After doing some very cursory research on the tax rates in Malaysia (helped out by a fact sheet (PDF) from Deloitte), the reason for this peculiar tax treatment of a joint venture is based on the difference in tax rates between income (the corporate tax rate is 25% and the highest personal tax rate is 26%) and tax rate on interest income, which appears to be 15%.
Clearly, the tax treatment was designed to provide tax neturality for Islamic finance, compared to conventional finance. Taking a step back from the example of Malaysia, one of the underlying ideas for Islamic finance from a theoretical perspective (mostly articulated by Islamic economists) is that Islamic finance benefits society as a whole by shifting the burden of risk onto those with more wealth. Instead of lending with interest, they are supposed to be bearing a higher degree of risk in line with the rewards they expect to earn. This will, other factors being equal, result in a lower level of income and wealth inequality (zakat will also provide for lowering wealth inequality).
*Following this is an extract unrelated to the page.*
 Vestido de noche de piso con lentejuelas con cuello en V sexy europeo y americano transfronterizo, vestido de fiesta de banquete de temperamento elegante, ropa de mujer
From the theoretical view, Islamic finance should differentiate itself from conventional finance by focusing on a macro level at lowering income and wealth inequality, and on the micro level at generating income from Shari'ah-compliant sources. However, subsidizing Islamic finance by providing preferential tax breaks to products which effectively shoehorn Shari'ah-compliant products into structures that are equivalent in economic effect to interest-based lending will provide incentive for Islamic finance to move more towards replication of interest-based products.
One of the ideas with the current structure of Islamic finance is that it uses replication of conventional products as a stepping-stone to facilitate the growth of Islamic finance. For example, the regulatory treatment of Islamic finance makes it much easier for banks in particular to use murabaha and ijara, rather than mudaraba and musharaka. Allowing these products to achieve tax neutrality with conventional loans is important for facilitating the competitiveness of Islamic financial institutions with conventional institutions.
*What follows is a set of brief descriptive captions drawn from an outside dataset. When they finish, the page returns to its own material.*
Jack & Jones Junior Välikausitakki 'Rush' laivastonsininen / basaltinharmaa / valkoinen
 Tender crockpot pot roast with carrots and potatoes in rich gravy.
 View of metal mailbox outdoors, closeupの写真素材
From a macro perspective, however, it should be important for Islamic financial institutions to recognize that where interest income is treated in a preferential way compared to regular income (e.g. partnership income or wage income), the incentives will tilt the balance towards debt financing and away from equity finance. It will also tend to provide lower tax rates at the top of the income spectrum and higher tax rates at the bottom, which will increase inequality.
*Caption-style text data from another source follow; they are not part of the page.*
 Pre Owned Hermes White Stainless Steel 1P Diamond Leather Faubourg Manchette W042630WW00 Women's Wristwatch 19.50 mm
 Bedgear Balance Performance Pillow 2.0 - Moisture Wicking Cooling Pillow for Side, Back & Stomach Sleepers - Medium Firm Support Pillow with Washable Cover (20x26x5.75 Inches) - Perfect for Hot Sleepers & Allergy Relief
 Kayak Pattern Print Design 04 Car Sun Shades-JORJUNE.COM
At the same time as Islamic bankers lobby for tax neutrality between interest income and the profits generated from Shari'ah-compliant debt alternatives, they should also push for equal treatment between debt and equity, which will diminish the subsidy of debt finance. They should also support tax equality across income sources, as a way of mitigating increases in inequality that preferential treatment of interest income can cause.